A Catchy, Pensive, Compelling New Album and a Cake Shop Show from the Aquanettas’ Debby Schwartz
Debby Schwartz is one of the most distinctive, compelling singers in rock, with a coolly expressive alto voice that can be sultry one moment and then quirky and funny the next: Dawn Oberg comes to mind. Back in the 90s, Schwartz fronted cult favorite powerpop band the Aquanettas. Since then, she’s pursued a solo career. She’s got an excellent new album, Garden of My Own (streaming at Bandcamp), with an all-star cast of players and an album release show coming up on Sept 24 at 10 PM at Cake Shop. Cover is a reasonable $8.
The album’s dostamtly George Harrrison-tinged opening track, Hummingbird, comtemplates bitterness and regret, Kate Gentile and Claudia Chopek’s stark violins paired agianst Schwartz’ own elegant fingerpicking. “You’ve learned to play on the tolerance of those too kind to call you on the fact you’ve overturned, go if you want to you, know you’ve beeen found out if you get burned,” Schwartz warns.
The second track, Ambivalent, is much the same, elegant electric guitar accents intermingled with the acoustic – Bob Bannister. Pat Gubler and James Mastro play the electrics here, with Peter Stewart on bass. Dreaming New York City in the Middle of LA is a classic example of East Coast angst coming unraveled on the other side of the continent, set to a gorgeous paisley underground backdrop, twang and jangle and resonant washes from the electrics contrasting with Schwartz’s spiky acoustic. “The roaches on my kitchen wall hang flaccid and serene while my neighbors ram their door through with a car,” Schwartz bemoans, “Please get me out of here.”

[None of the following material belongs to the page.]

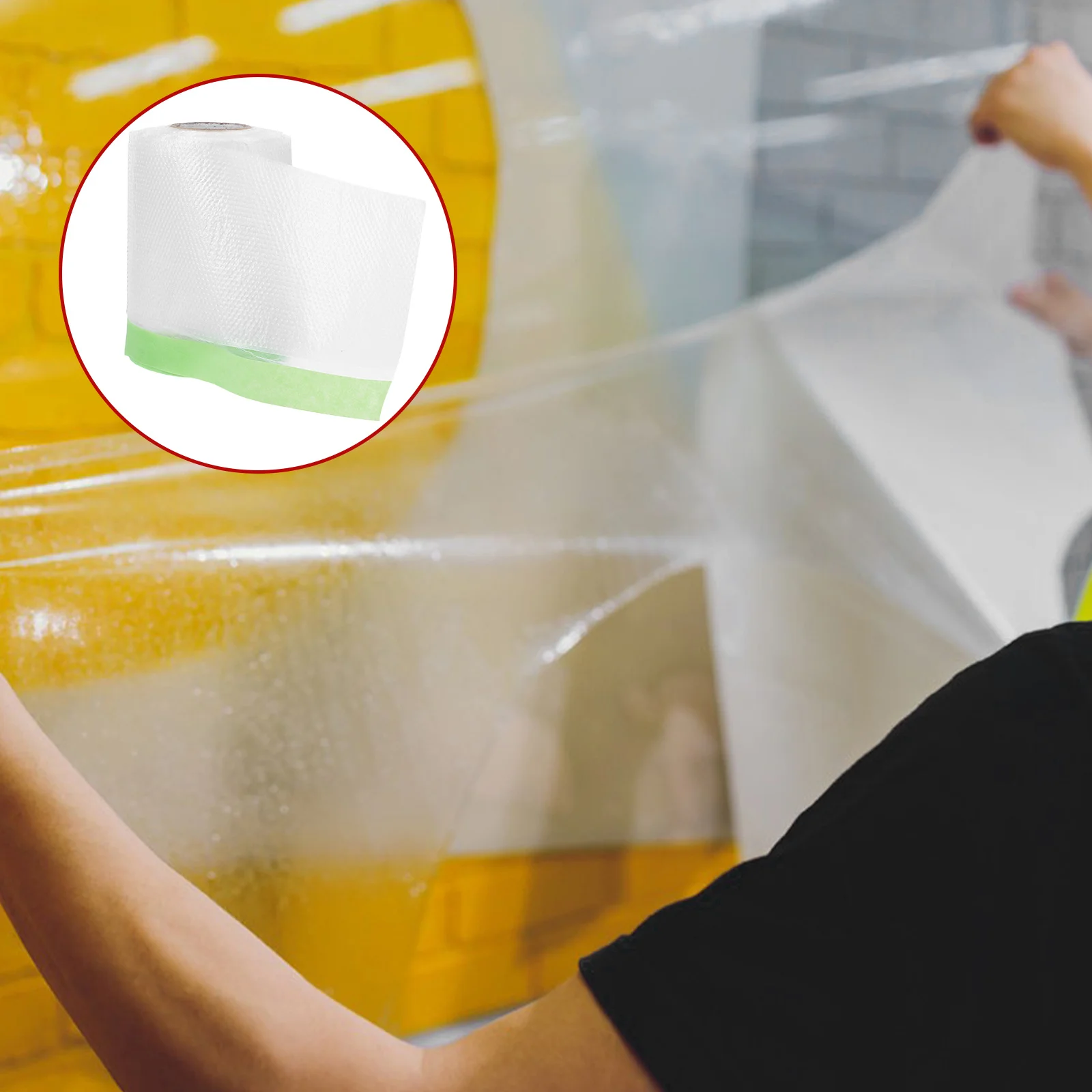 

1 Roll Weak Tack Dust Protection Film Clear Reusable Plastic Sheeting For Home Renovation Painting Automotive Furniture Wall Art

London brings back a lingering rainy-day atmosphere: “Something vile has been haunting me for days now…flashing eyes and words that burned into your ears, did you cry?” Schwartz broods. Arise has a moody gravitas not unlike the Church, a band the Aquanettas once toured with, in folk-rock mode: on the last verse, we get funereal drums from Robert Dennis.
The album’s drollest track is the ambling Satan You Brought Me Down. The album’s longest track, Bulldozer, is also its most hypnotic: Schwartz might be addressing the evils of gentrification here. To Become Somebody keeps the hypnotic atmosphere going, Gabler’s hurdy-gurdy adding a distinct Scottish folk flavor. The next track, My Hope comes across a more soaring second part of that song.
That’s What Johnny Told Me on the Train balances a bouncy pop melody against more of that 4AD, rainswept open-tuned guitar ambience. The album ends with the bittersweetly anthemic Sitting in a Garden of My Own. Schwartz also has an ep out recently comprising several of these tracks along with the lushly luscious folk noir anthem Hills of Violent Green, a showcase for some literally breathtaking, swooping upper-register vocals.